Alicia Vikander, Dominic West, Walton Goggins, Daniel Wu, Kristin Scott Thomas

Run time:

118 mins

Rating:

Diet blockbuster : they’re marketed like a traditional tent pole release, they also tend to look like the 200-million dollar eyegasm releases of the US Summer cinema season, they’re usually clad with a couple of matinee idols and a hefty effects budget, and they’re generally released in the month before that season begins – say March or April (past diet blockbusters might include last year’s “Kong : Skull Island”, and before that, releases like “Godzilla”, “Jack the Giant Slayer” and “John Carter”). Sure, the ingredients aren’t as top-rate as your Spielberg or Marvel blockbuster, but the many spoons of artificial sweetener crammed into said diet blockbuster will usually suffice even the more fussier of cinemagoers. Just excuse the sometimes unpleasant aftertaste of the excessive Sam Jackson one-liners and CGI ships, they tend to repeat on you.

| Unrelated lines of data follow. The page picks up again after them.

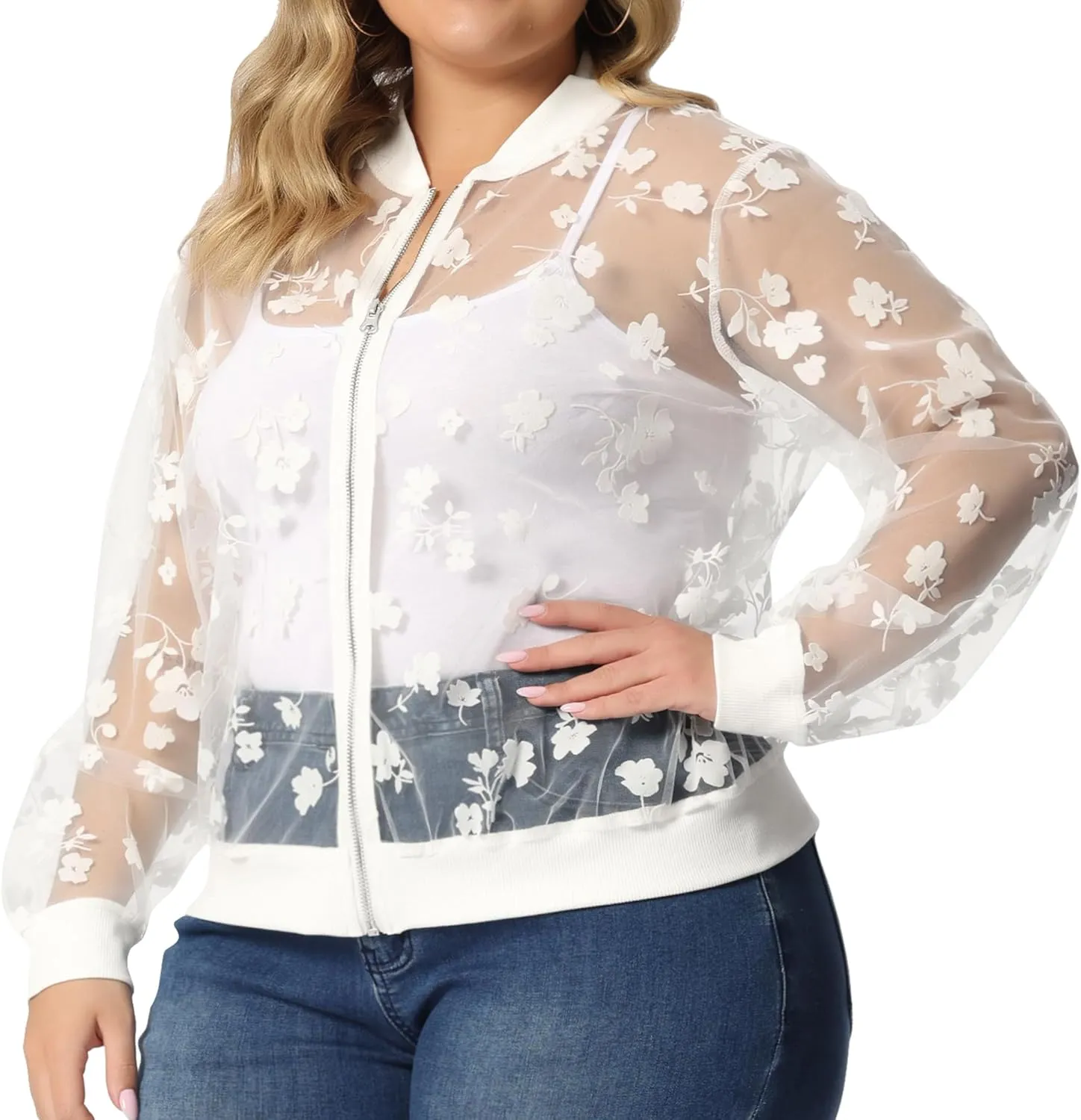 Agnes Orinda Plus Size Jackets for Women Sheer Floral Lace Long Sleeve Baseball Jacket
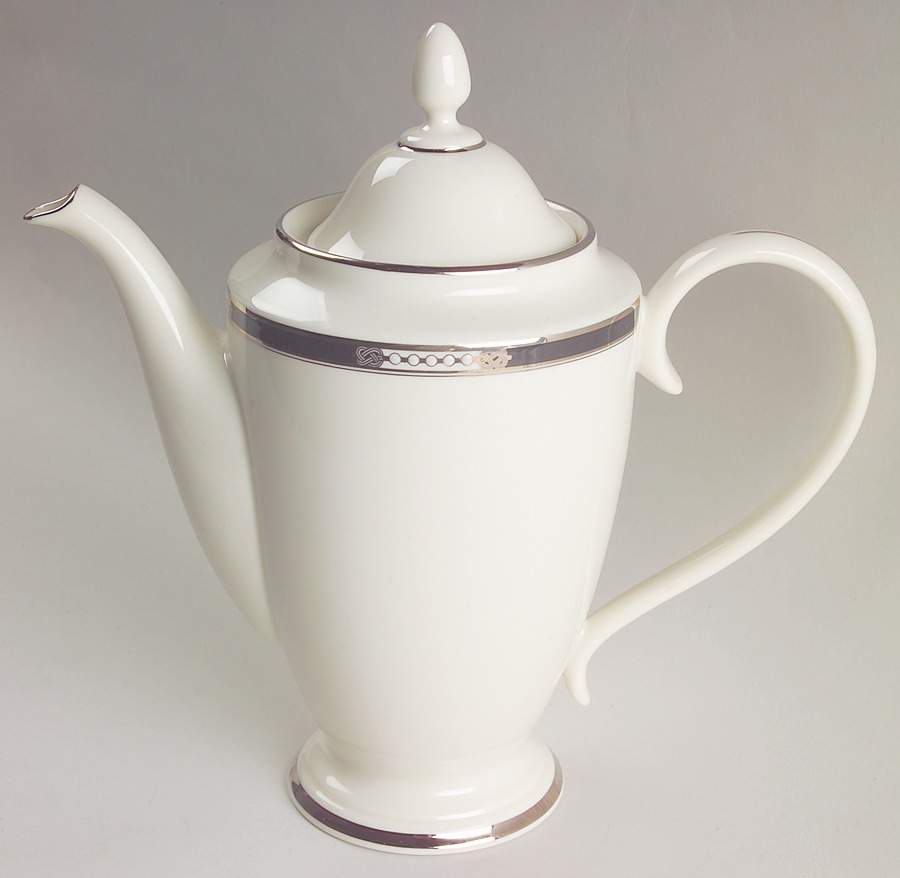 Hancock Platinum (Ivory) Coffee Pot & Lid by Lenox-1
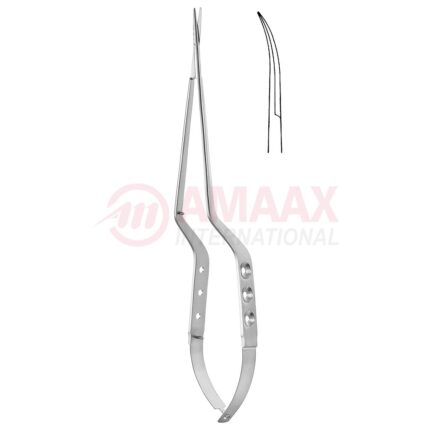 Yasargil micro scissors bayonet 3 hole type handle curved left
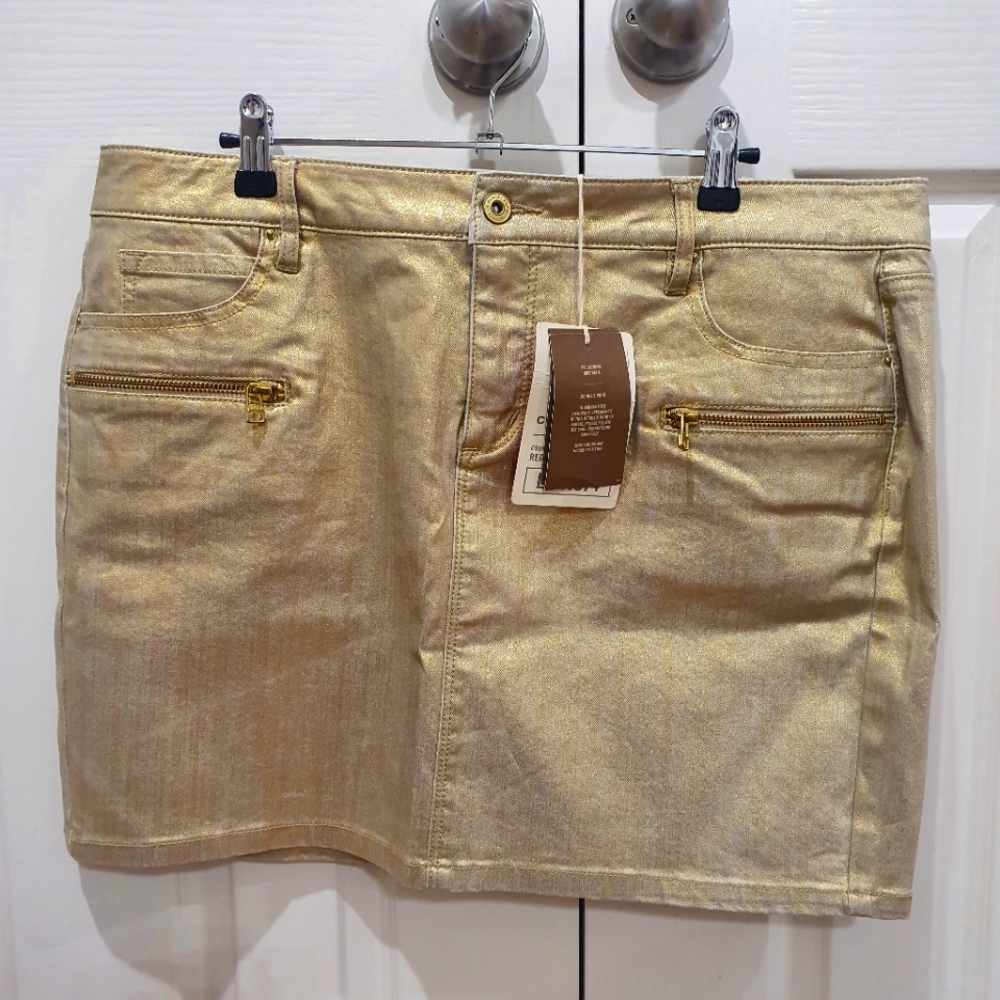 BNWT Country Road Gold Metallic Skirt Size 16 - Picture 1 of 9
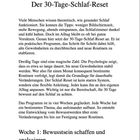 Kapitel 11: Der 30-Tage-Schlaf-Reset erklärt, wie ein flexibles Programm hilft, gesunde Schlafgewohnheiten zu entwickeln.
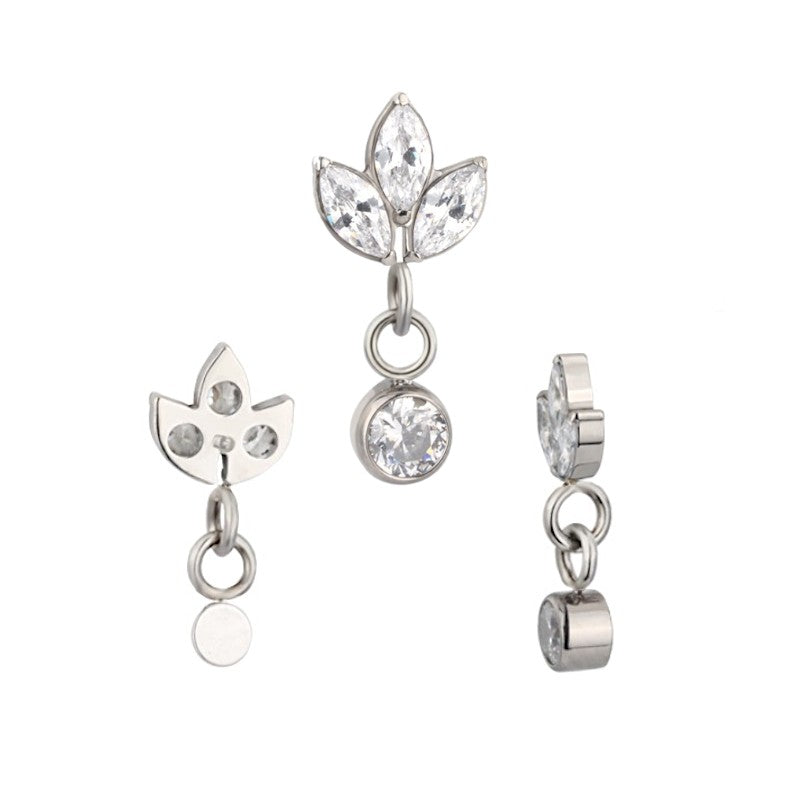 Implant Grade ASTM F136 Titanium 3 Marquise CZ Dangle Chain Round CZ Internaly Threaded Labret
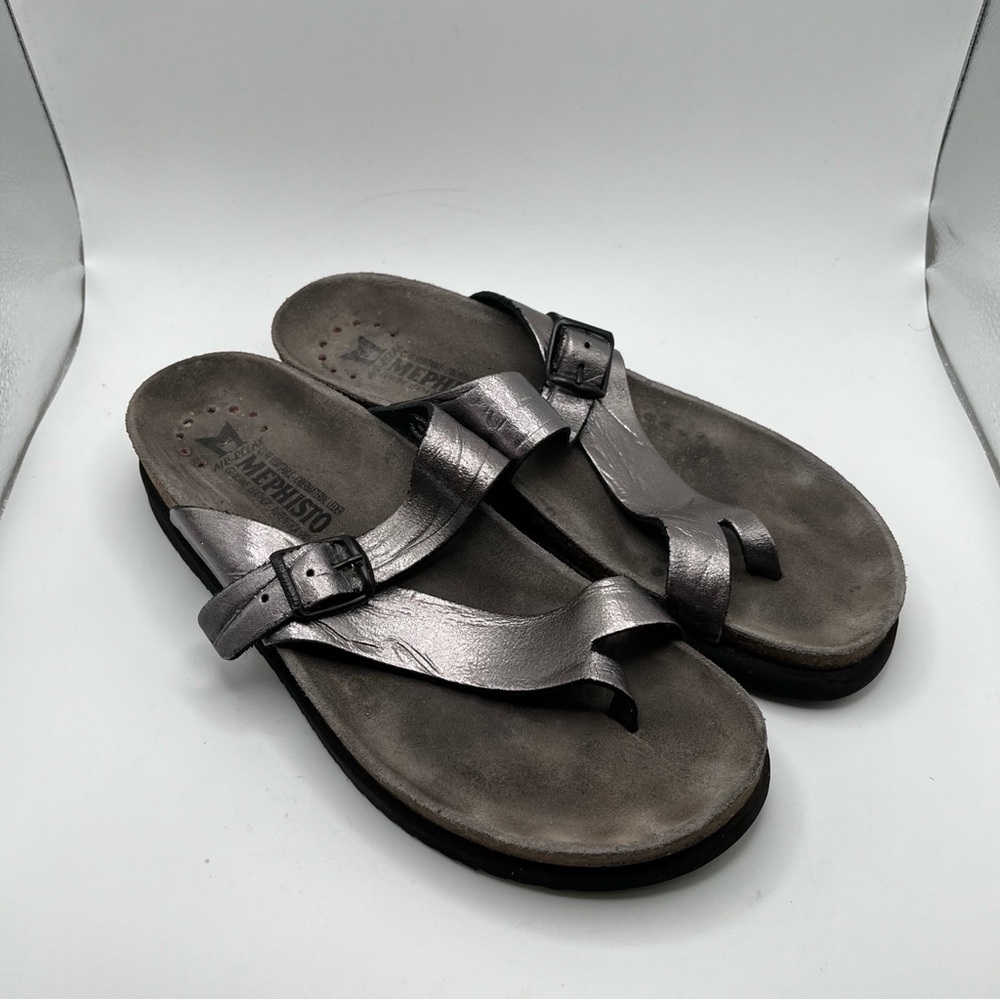 Mephisto Women's Helen Silver Metallic Thong Sandals Size 39 US 8.5 - Picture 9 of 9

Warner’s “Tomb Raider” was always going to be a lo-cal blockbuster – particularly since it’s the third in a film franchise that, let’s admit it, appealed to cinema goers about as much as adopting a twelfth African child did Brad Pitt at the end of his marriage to the film’s star. Those two films, released by Paramount, and starring Angelina Jolie as a more buxom, more cartoonish take on video game heroine Lara Croft were bottom-of-the-shoe grime smeared across a theater screen. The new “Tomb Raider” – which shares little connection, besides a character with a hefty drawer of short shorts, with the previous films – doesn’t exactly have its work cut out for it, but it also doesn’t come with an audience seething at the gates to see the film. As such, we’ve a modestly budgeted, rather intimidate no-name reboot that’s releasing before all the better stuff does.

But you know what? For its squat budget, lack of a name cast, and slightly tarnished title, “Tomb Raider” can consider itself a success- it’s the little engine that could and does.

Young rebellious Brit Lara Croft (Alicia Vikander) lives from paycheck to paycheck, seemingly use to surviving on her own wits and wallet since her father’s mysterious disappearance years before. After she unintentionally stumbles upon a clue that shines more light on Lord Richard Croft’s (Dominic West) hobbies and last known days, the plucky, flexible Lara sets off to Japan where she persuades a sailor (Daniel Wu) to help her find a mysterious island off the coast of Japan. There, supposedly, lies a fabled tomb – her father’s last-known destination. In between battling bad guys (Walter Goggins at his rascally best as their leader), skirting across plain wreckage on waterfalls, dodging bullets through the jungle, and participating in predictable reunions, Lara becomes the ‘Tomb Raider’ we know her best.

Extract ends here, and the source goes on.